Ditlow v. Kaplan

181 So. 2d 226 (1965)

Rochelle DITLOW and her husband, Israel Ditlow, Appellants,
v.
Dr. Allan A. KAPLAN, Appellee.

No. 65-69.

District Court of Appeal of Florida. Third District.

December 21, 1965. Rehearing Denied January 13, 1966.

*227 Nichols, Gaither, Beckham, Colson & Spence and Robert Orseck, Miami, for appellants.

Blackwell, Walker & Gray and Paul R. Larkin, Jr., Miami, for appellee.

Before HENDRY, C.J., and TILLMAN PEARSON and CARROLL, JJ.

TILLMAN PEARSON, Judge.

The plaintiffs appeal a final judgment which was entered upon a directed verdict for the defendant. The action was against Mrs. Ditlow's physician for an alleged failure to secure her informed consent for a diagnostic operative procedure which resulted in her injury.

At the conclusion of all the evidence, the defendant renewed his motion for a directed verdict. The trial judge reserved ruling on the motion, and submitted the case to the jury. After a jury verdict for the plaintiffs, the trial judge directed the verdict, and entered the judgment which is appealed. We affirm.

The record indicates that the trial judge had reached his decision that the defendant's motion for directed verdict should be granted prior to submitting the case to the jury. We commend the use of this practice because in the event we should have determined that it was necessary to reverse the ruling upon the motion for directed verdict it would not have been necessary to retry the case.

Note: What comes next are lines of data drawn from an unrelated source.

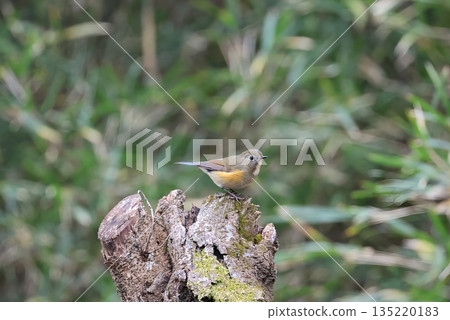 2025年12月,一隻雌性藍白鶲造訪厚木自然保護中心。 2025年12月,一隻雌性藍白鶲造訪厚木自然保護中心。 135220183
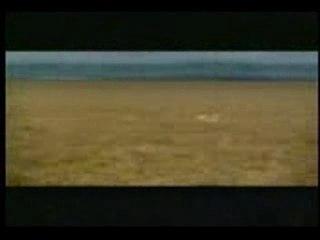 Unbelievable Antelope Moment 🦌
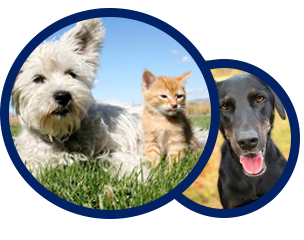 Low Cost Pet Vaccinations | Mobile Pet 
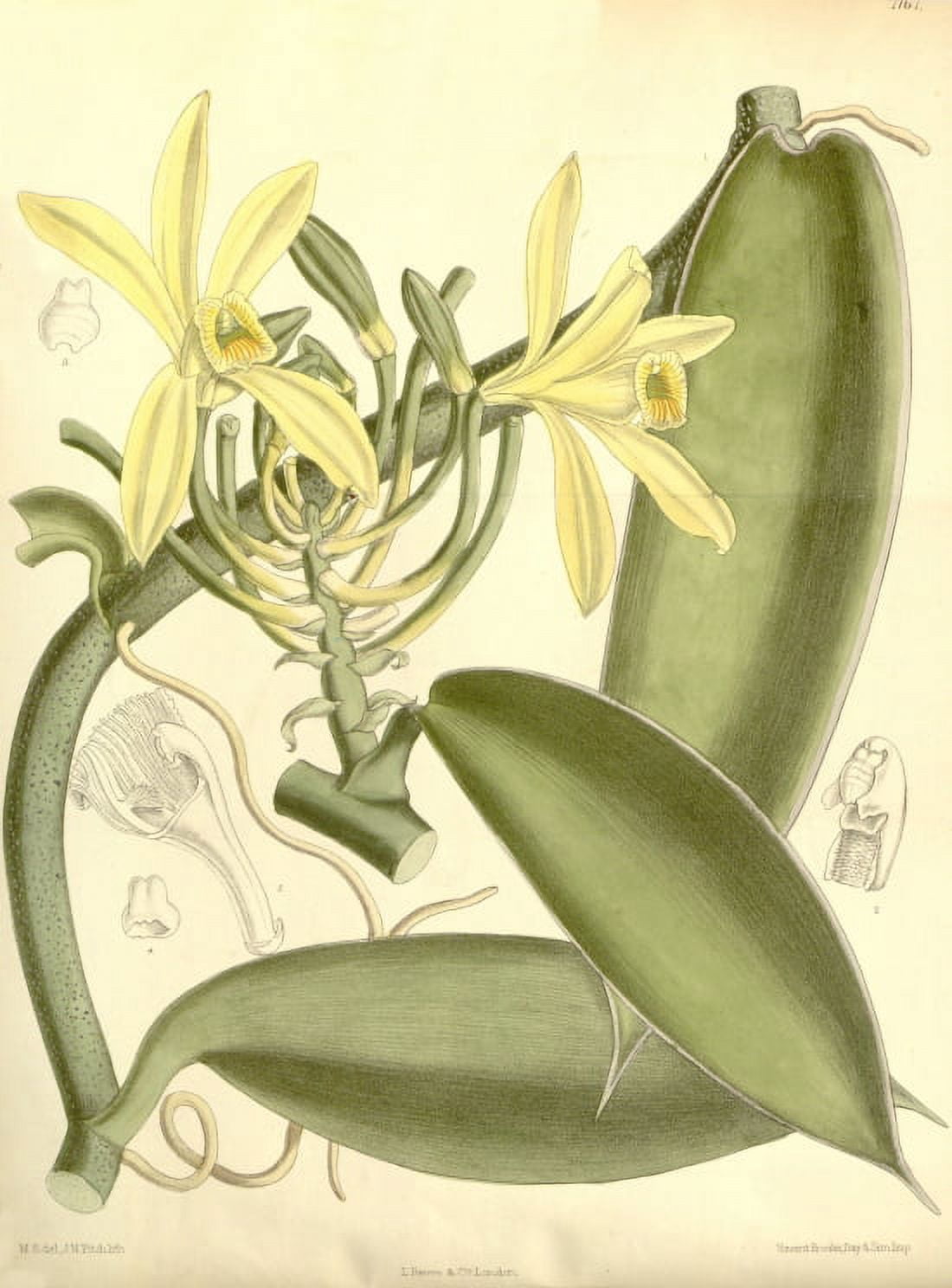 Botanical Print Of A Vanilla Flower Canvas Art - (24 x 36)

Mrs. Ditlow, plaintiff, was a woman of mature years, and had a stomach condition which caused her physician to suspect cancer. This physician advised a gastroscopic procedure which included a biopsy. He recommended the defendant-doctor as a specialist in the procedure. The plaintiff was informed that this surgical procedure entailed some risk, and she signed a consent. During the performance of the procedure, her esophagus was punctured. It was demonstated that she did not have cancer, and that remedial surgery for the punctured esophagus was successful. Expert testimony established that there are 16 possible risks involved in the medical procedure followed. The record also reveals that the incidence, of the realization of the risk which occurred, is approximately one in five hundred.

Before operating upon the plaintiff, the defendant-doctor was required to obtain *228 her informed consent. Chambers v. Nottebaum, Fla.App. 1957, 96 So. 2d 716; Zaretsky v. Jacobson, Fla.App. 1958, 99 So. 2d 730. There is little dispute with regard to the above proposition but the problem arises when a determination is sought to be made as to whether informed consent exists in given factual circumstances.

The plaintiff contends that the defendant failed to obtain the necessary informed consent because he did not advise his patient of the specific risks inherent in the performance of the procedure.

It should be noted at this juncture that the plaintiff is not claiming on this appeal that the defendant was guilty of any negligence in the manner in which the gastroscopy was performed. Nor is there any dispute as to the fact that the plaintiff consented to the gastroscopy, and that she was informed that there were certain risks. The only question is whether, under the doctrine of informed consent, it was necessary to advise her as to the specific risks which might be encountered.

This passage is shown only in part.